Update1: Using OCR, CAT and crowdsourcing to translate Classical Arabic works

Posted on Wed 28 July 2021 in Language

In my last article on Using OCR, CAT and crowdsourcing to translate Classical Arabic works I spoke about various tools for digitizing Classical Arabic books and then translating them. Since then I have made a series of discoveries and this update is to document those discoveries.

PDFs, OCR and Scanning

Going through the process of finding PDF texts and then using OCR to obtain a digital form of the text is laborious. I was fortunate to discover that my idea for digitizing Arabic texts was already thought about in the mid-00s by others. The project name and website is Shamela and not much will be known to English speakers about it because most Arabic-related discussions happen to be in ... Arabic.

There is a historical record available here. Firstly, the history is Shamela is very unclear until today. Based on the link above, the project is founded by an Egyptian and now funded by an organization in Saudi Arabia. The about page does not say much either. Having a historical record of knowing who is creating the digital versions of Classical Arabic works is important for authenticity. While the Quran is well-preserved(Allah has Promised to preserve it), even the Ahadith experienced attempts at fabrication. The attempts at fabrication are what led to compilation efforts like Sahih Bukhari(even though the oral tradition for Hadith is still relied upon to this day). The PDF on the Ar-Rawda website here provides information about employee names working for Shamela, so we have some basic information. There are 30 people working in the digitizing/verification/data-entry department and 4 programmers working on the software. They all appear to be Egyptians. I will discuss the issue of authenticity a bit more in the next section.

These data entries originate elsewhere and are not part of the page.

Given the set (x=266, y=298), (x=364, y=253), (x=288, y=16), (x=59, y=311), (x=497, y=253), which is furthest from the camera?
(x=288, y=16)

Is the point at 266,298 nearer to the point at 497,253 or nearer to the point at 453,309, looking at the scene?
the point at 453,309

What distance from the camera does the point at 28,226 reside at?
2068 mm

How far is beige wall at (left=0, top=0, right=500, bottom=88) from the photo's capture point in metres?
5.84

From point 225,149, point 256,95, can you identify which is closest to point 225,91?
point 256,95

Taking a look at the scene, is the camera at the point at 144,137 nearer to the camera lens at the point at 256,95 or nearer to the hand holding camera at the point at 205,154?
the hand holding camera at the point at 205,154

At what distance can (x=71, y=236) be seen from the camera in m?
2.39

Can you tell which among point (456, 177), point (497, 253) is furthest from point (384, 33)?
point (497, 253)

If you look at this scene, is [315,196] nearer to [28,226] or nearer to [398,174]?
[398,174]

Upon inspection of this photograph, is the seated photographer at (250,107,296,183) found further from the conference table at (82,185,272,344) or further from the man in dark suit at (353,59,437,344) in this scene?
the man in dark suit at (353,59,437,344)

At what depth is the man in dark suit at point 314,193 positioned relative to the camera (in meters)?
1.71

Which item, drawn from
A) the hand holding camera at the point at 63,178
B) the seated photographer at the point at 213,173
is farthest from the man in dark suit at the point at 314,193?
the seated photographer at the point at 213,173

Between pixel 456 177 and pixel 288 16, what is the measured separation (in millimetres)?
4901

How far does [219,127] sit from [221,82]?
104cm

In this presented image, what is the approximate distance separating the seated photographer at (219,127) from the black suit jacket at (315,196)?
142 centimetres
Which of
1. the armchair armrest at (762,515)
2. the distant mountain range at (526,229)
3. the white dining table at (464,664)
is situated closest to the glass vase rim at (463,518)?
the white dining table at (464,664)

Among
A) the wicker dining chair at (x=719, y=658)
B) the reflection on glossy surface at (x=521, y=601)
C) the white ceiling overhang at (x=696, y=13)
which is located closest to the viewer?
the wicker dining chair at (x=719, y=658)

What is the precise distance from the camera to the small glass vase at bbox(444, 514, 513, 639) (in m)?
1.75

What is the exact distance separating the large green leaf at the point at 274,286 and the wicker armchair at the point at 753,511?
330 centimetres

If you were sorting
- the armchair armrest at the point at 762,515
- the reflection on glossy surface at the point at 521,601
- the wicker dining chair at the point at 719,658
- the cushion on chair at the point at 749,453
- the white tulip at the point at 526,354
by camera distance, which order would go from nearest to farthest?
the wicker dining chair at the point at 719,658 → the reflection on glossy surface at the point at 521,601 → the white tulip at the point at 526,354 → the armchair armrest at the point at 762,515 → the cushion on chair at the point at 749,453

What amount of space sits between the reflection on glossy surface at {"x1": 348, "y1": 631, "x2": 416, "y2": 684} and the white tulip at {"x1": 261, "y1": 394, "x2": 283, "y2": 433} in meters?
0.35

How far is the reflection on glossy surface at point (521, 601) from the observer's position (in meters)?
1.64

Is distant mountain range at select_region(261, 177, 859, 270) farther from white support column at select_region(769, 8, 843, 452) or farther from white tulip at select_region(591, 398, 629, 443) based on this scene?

This leads me to the second point, regarding KITAB. KITAB is a project funded by the European Research Council (ERC) and the Aga Khan University(see KITAB homepage). One of their projects is the Open Islamicate Texts Initiative (OpenITI) which is attempting to verify the digital copies provided on Shamela and other collections(Shamela, Shamela-Ibadiyya, Shamela-Shia, Hindawi, Zaydiyya and more). The full list of collections can be found on the OpenITI github page.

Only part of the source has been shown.